Hablamos con él después de la actuación. Sonríe, melancólico, al volver a oír el nombre de Zapato Veloz. «Hace tiempo que no veo al resto», lamenta. «El teclista se compró un Casio de octava y media, con teclas de colores, y formó un nuevo grupo de música experimental en Berlín con una colgada que le acompaña al bajo; el otro compone para piano, triunfa en Rusia y se está quedando sordo.»
Pero, ¿por qué estos bruscos cambios de registro en su música? Zapato Veloz responde: «Tú también habrías acabado hasta los huevos de rock pachanguero. Vosotros sólo visteis el éxito en España... ¡Pero es que la cosa continuó en América Latina, que ahí, ya se sabe...! Hicimos la Pampa entera en furgoneta, volvimos a subir por Chile... Fuimos disco de oro, platino, uranio y tierras raras (lantánidos y actínidos). Todo por una canción sobre un tractor amarillo. Es incomprensible.

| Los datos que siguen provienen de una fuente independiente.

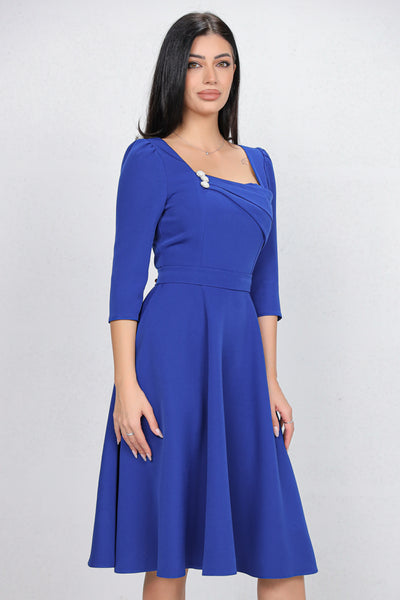 Rochie MBG albastra cu design in zona bustului accesorizat cu nasturi perlute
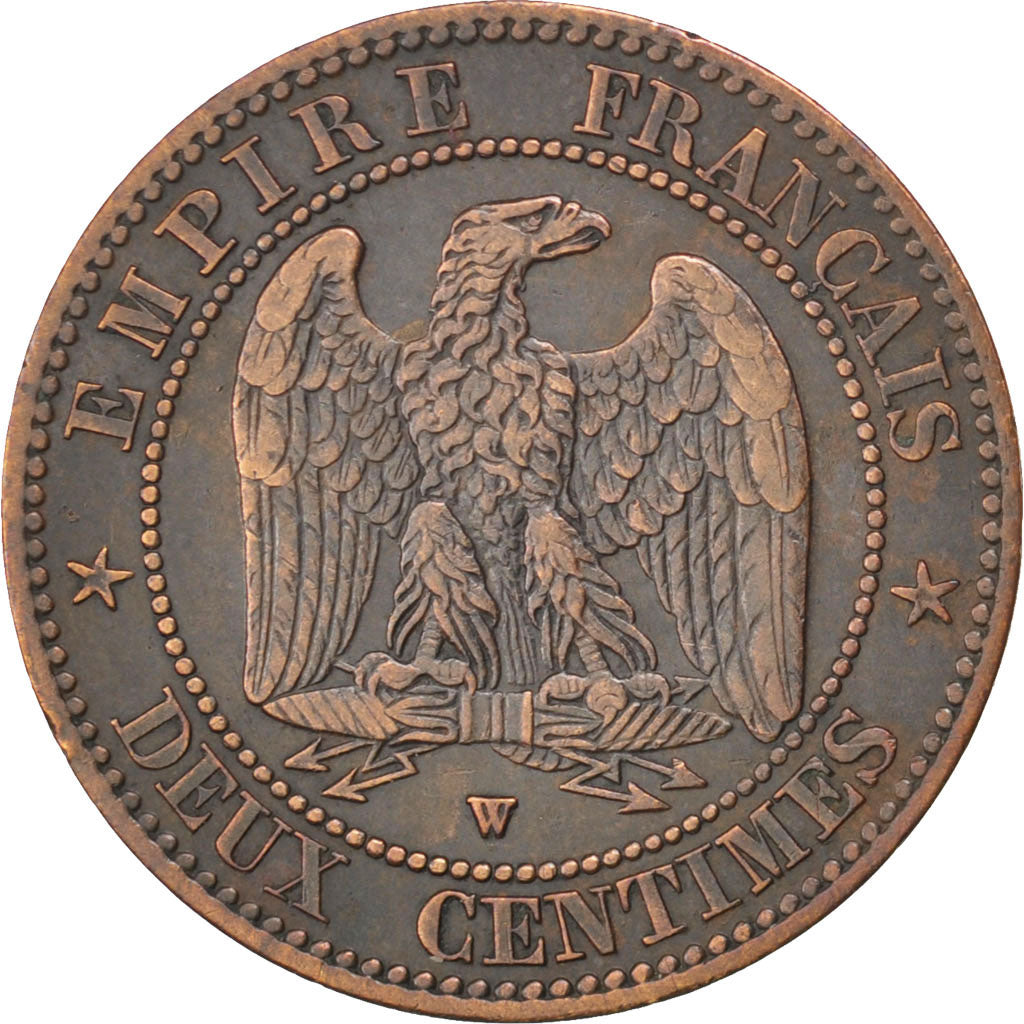 FRANCE, Napoléon III, 2 Centimes, 1855, Lille, KM #776.7, EF(40-45), Bronze, G..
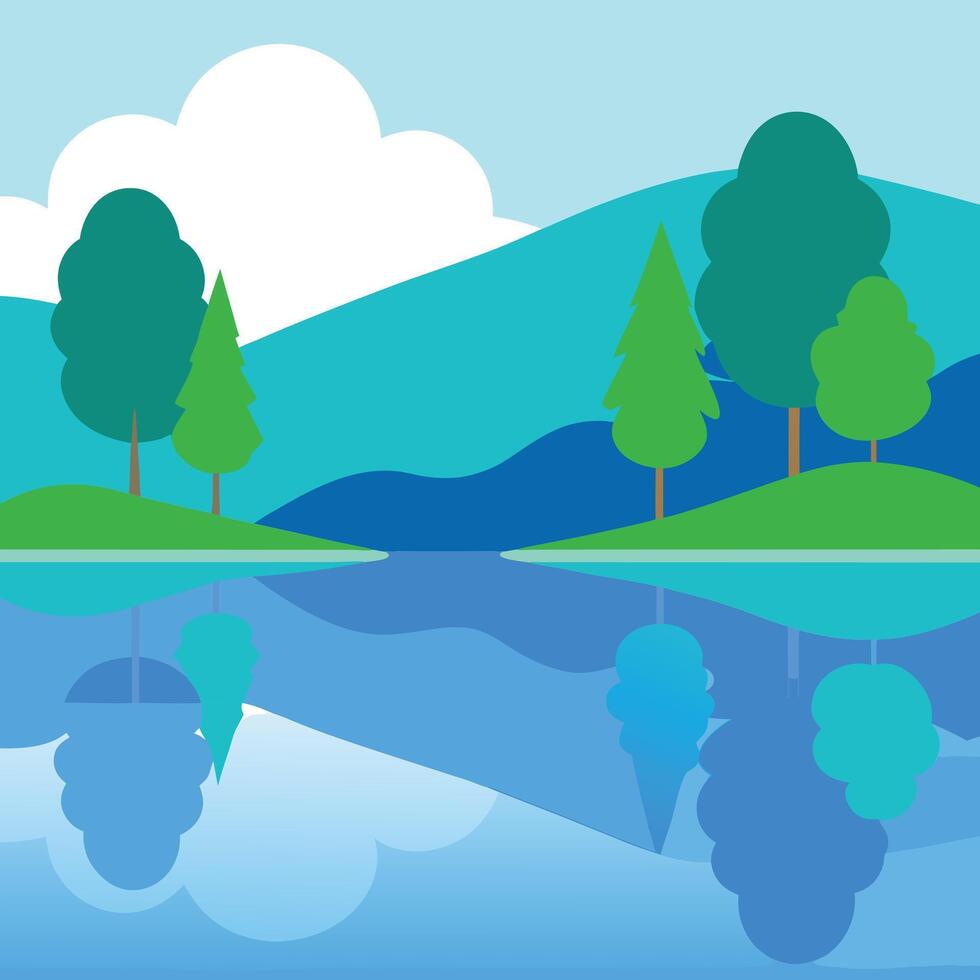 Serene Lakeside Landscape Trees, Mountains, and Sky Reflection vector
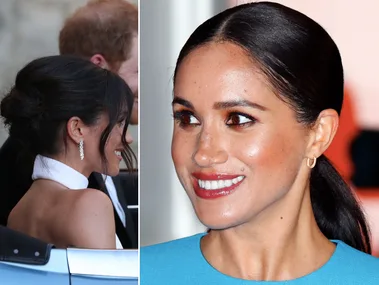 Two images of a woman with different hairstyles: a bun in profile view and a sleek ponytail in a frontal view.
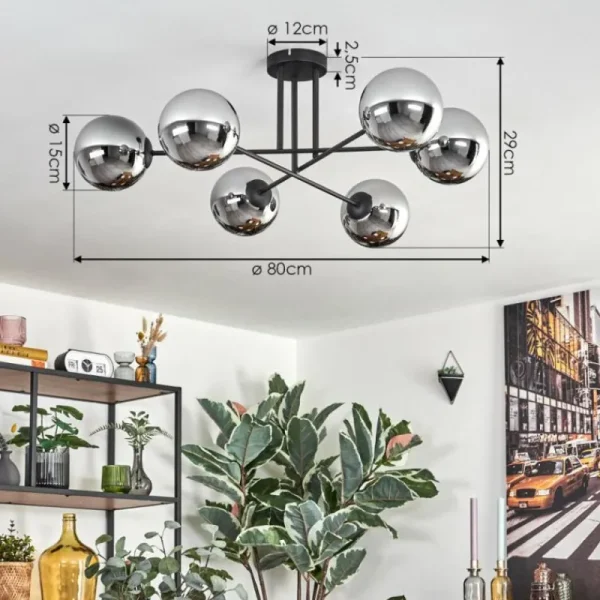 hofstein Gastor Plafonnier, Boule lumineuse 15 cm Chrome, Fumé, 6 lumières* Lampes Modernes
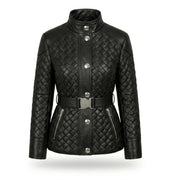 Women's black quilted belted leather jacket – RXD Leather
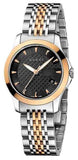 Gucci G Timeless Black Dial Two Tone Steel Strap Watch For Women - YA126512
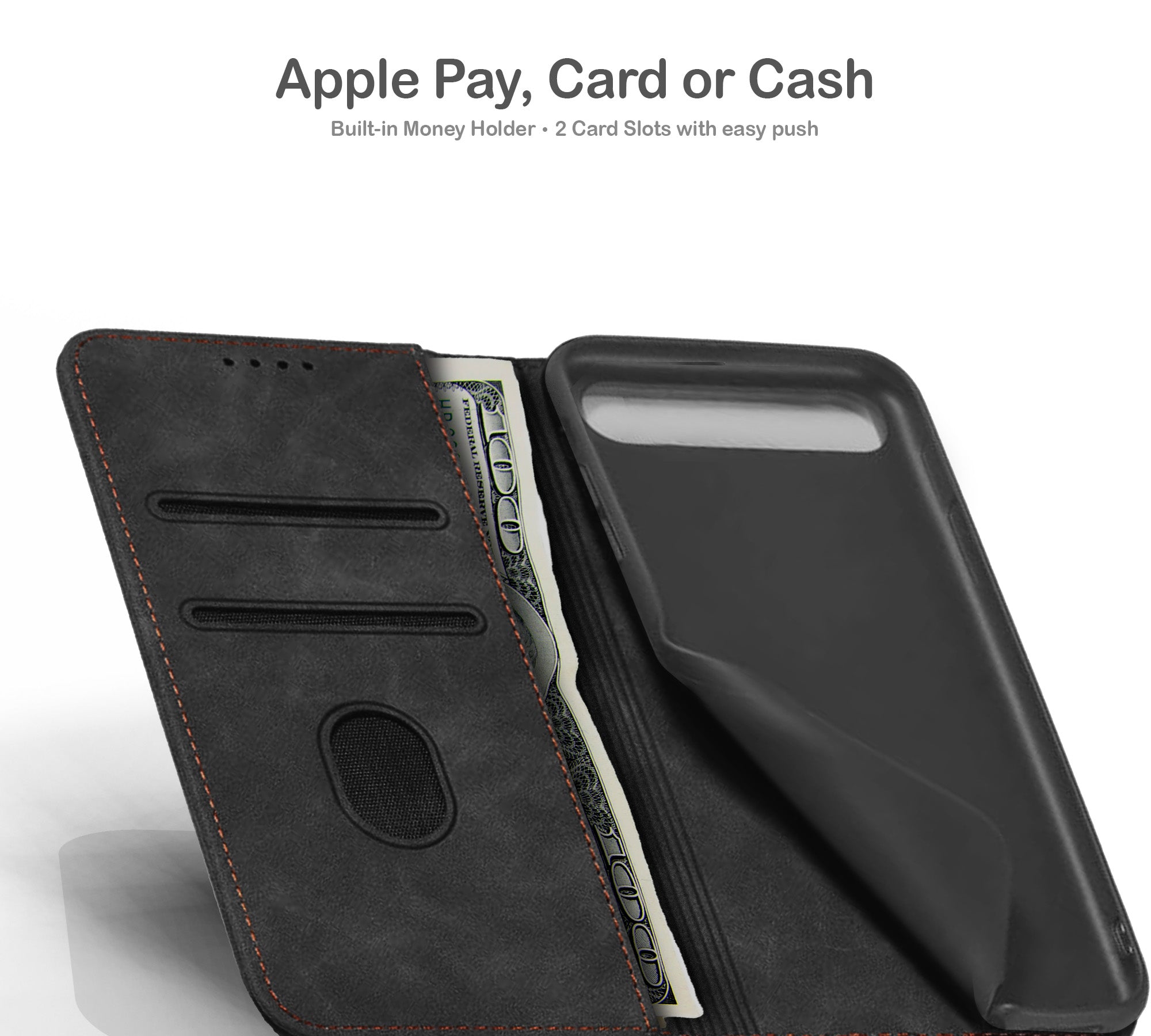 ORRO iPhone 17 Series Case - Vegan Leather Wallet Flip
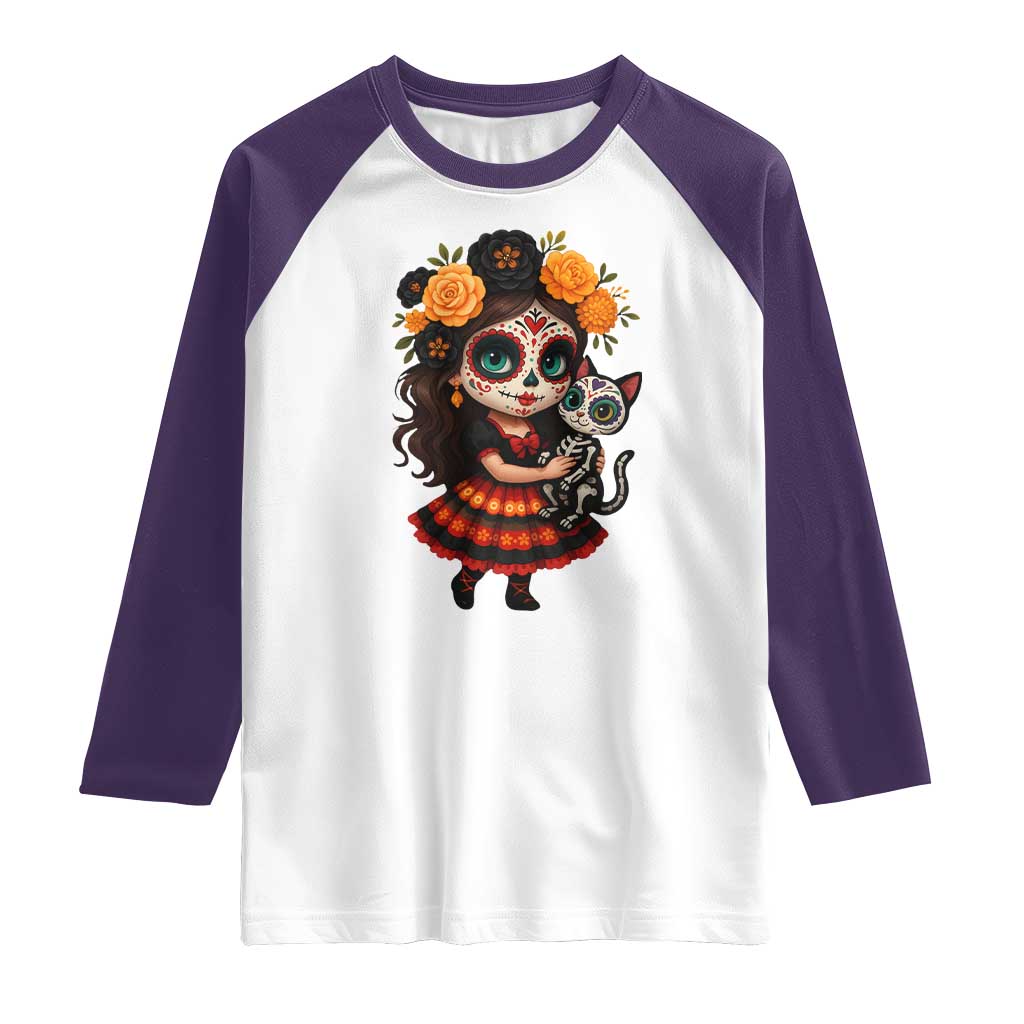 Day Of The Dead Latina Raglan Shirt Cute Girl With Skeleton Kitten Floral Skull TS12 White Purple Print Your Wear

Quizá es que seguíamos la estela de otro hit sobre cosas amarillas; agüita, en este caso. En fin; cuando dimos el salto a USA y nos ofrecieron un directo con la filarmónica de Boston, comprendimos que todo el mundo se había vuelto loco. Nos disolvimos y cambiamos de rumbo.»
«Debe de irle bien. Parece usted muy popular, su móvil no ha dejado de recibir mensajes desde que estamos hablando.»
«¿Eh? Ah, no. Son mensajes del banco. Cada vez que una banda, en algún lugar, versiona El tractor amarillo, recibimos 1 euro cada uno. No es cosa de la SGAE; es un hechizo que nos regaló un chamán boliviano para gestionar nuestros derechos de autor. En serio; pruébelo: puede usted tararear la canción dentro de una caja fuerte, y mágicamente aparece un ingreso de 1 euro en nuestras cuentas. Suerte de eso, porque la verdad, con la música seria no hay quien gane una mierda.»